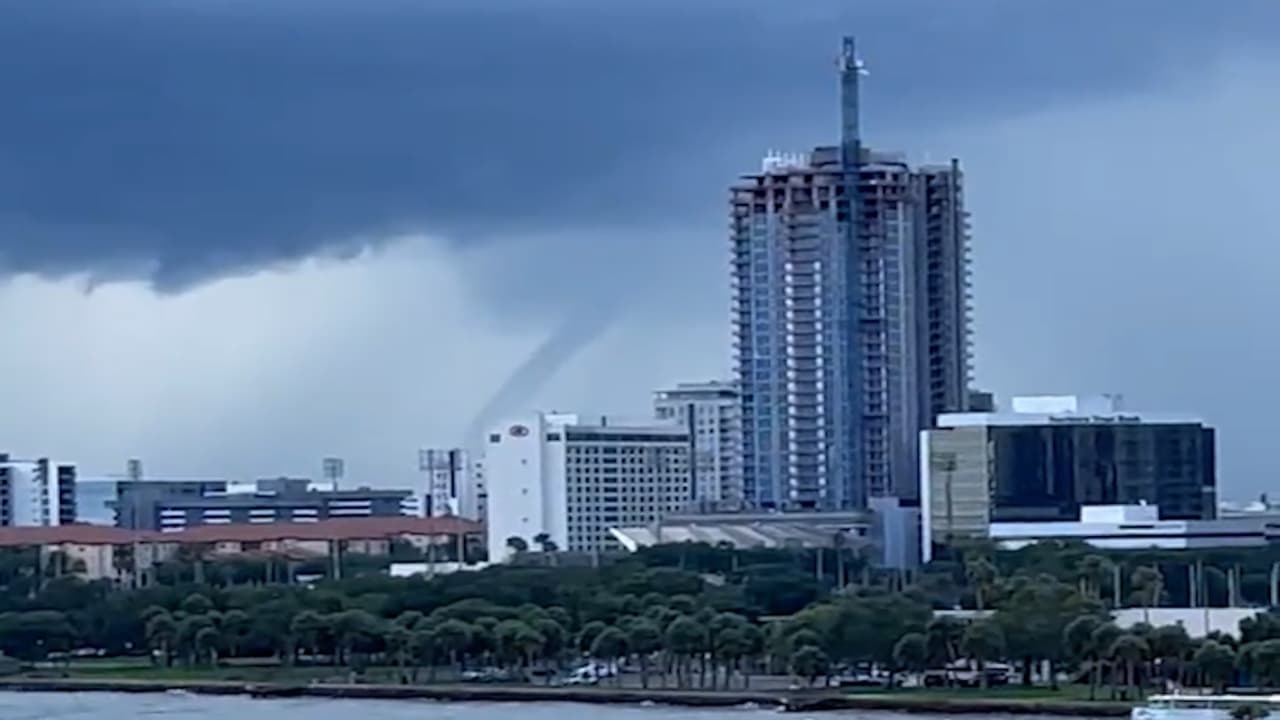 Captan tromba marina en St. Pete y Pinellas    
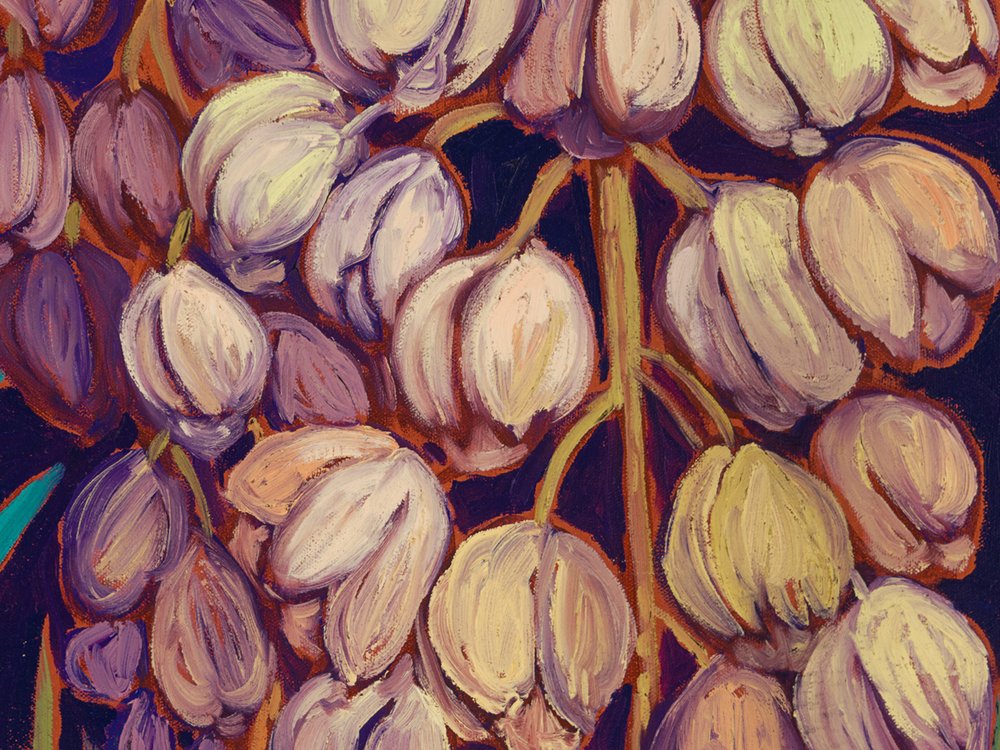 Close-up 2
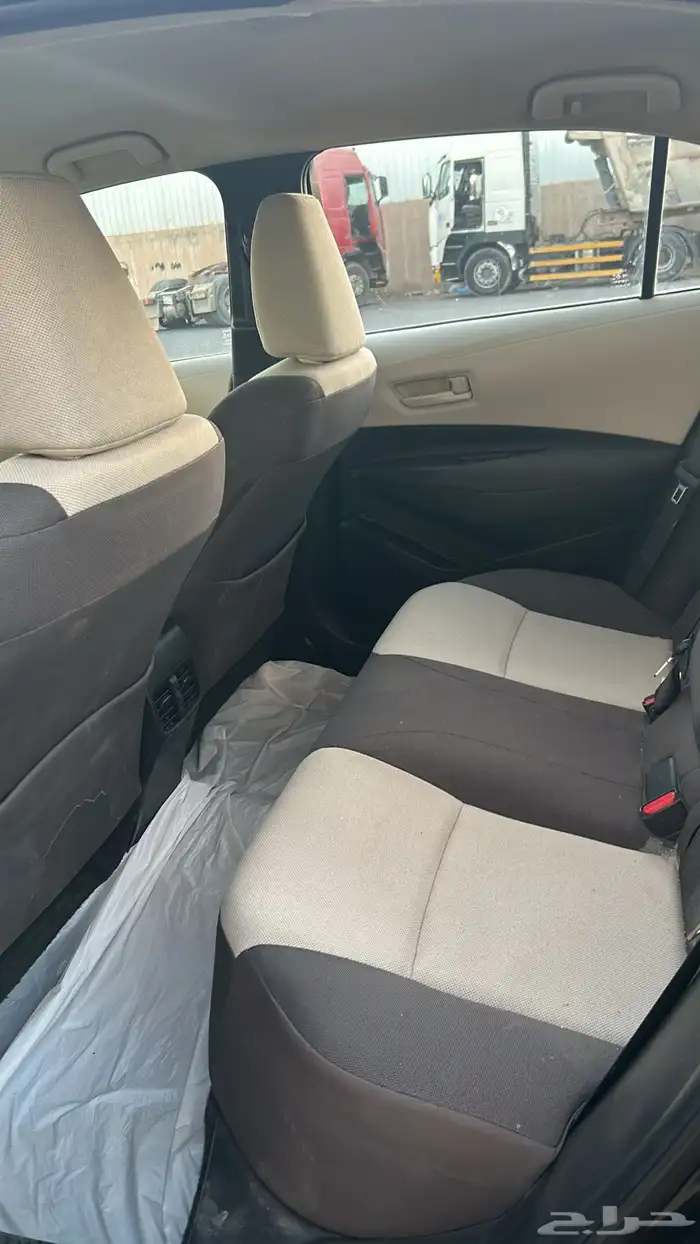 للبيع كوريلا 2020 5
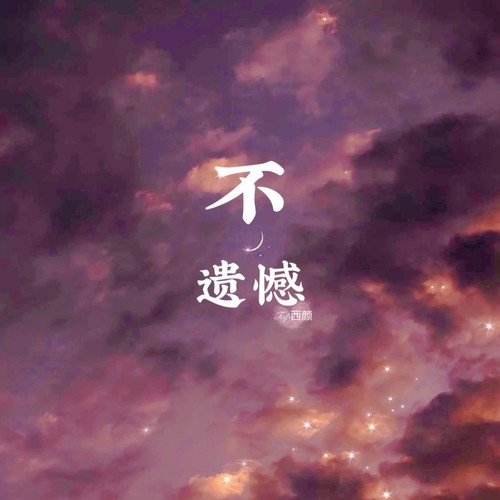 不遗憾
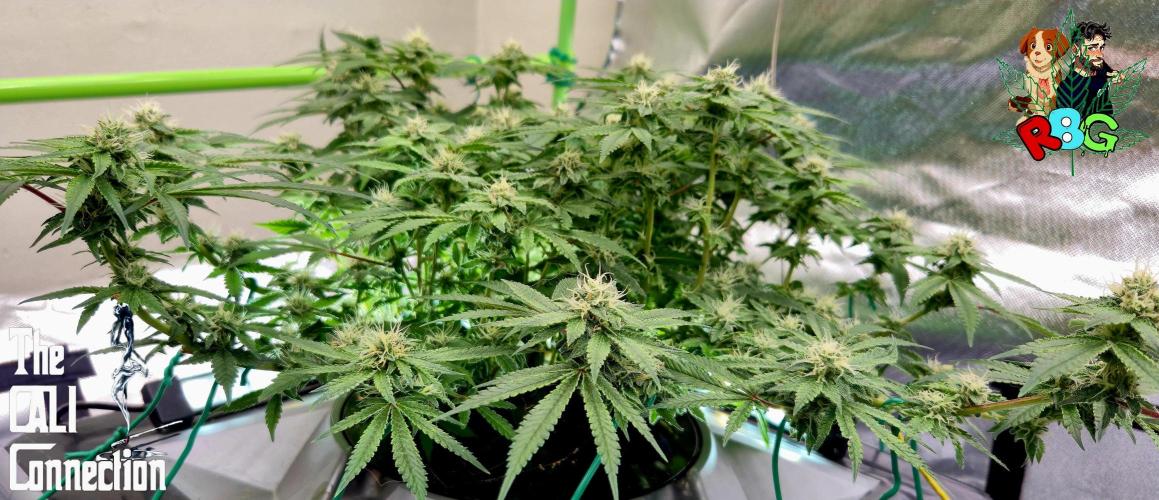 RDWC Cherry Bellini 1st photo grow. Week 12 - Week 12 
Flower week 6
Flower day 3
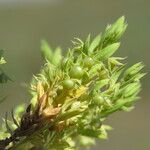 Lysimachia linum-stellatum Vaisius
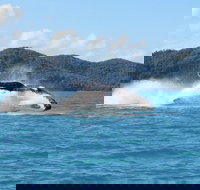 Whitsundays Whale Watching Cruise from Airlie Beach - Tourism Noosa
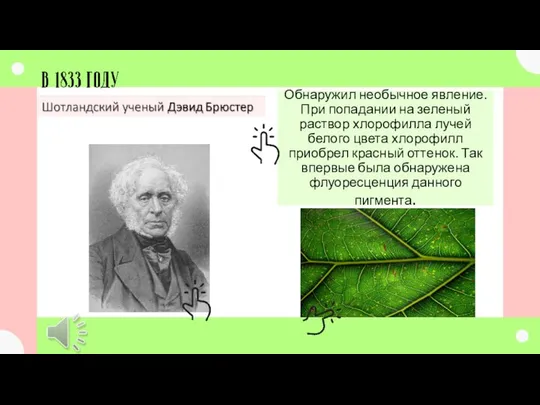 Обнаружил необычное явление. При попадании на зеленый раствор хлорофилла лучей белого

——————

» Problem statement:
Copy out the entries exactly as they stand, omitting the images.

» Exercise response:
 Captan tromba marina en St. Pete y Pinellas    
 Close-up 2
 للبيع كوريلا 2020 5
 不遗憾
 RDWC Cherry Bellini 1st photo grow. Week 12 - Week 12 
Flower week 6
Flower day 3
 Lysimachia linum-stellatum Vaisius
 Whitsundays Whale Watching Cruise from Airlie Beach - Tourism Noosa
 Обнаружил необычное явление. При попадании на зеленый раствор хлорофилла лучей белого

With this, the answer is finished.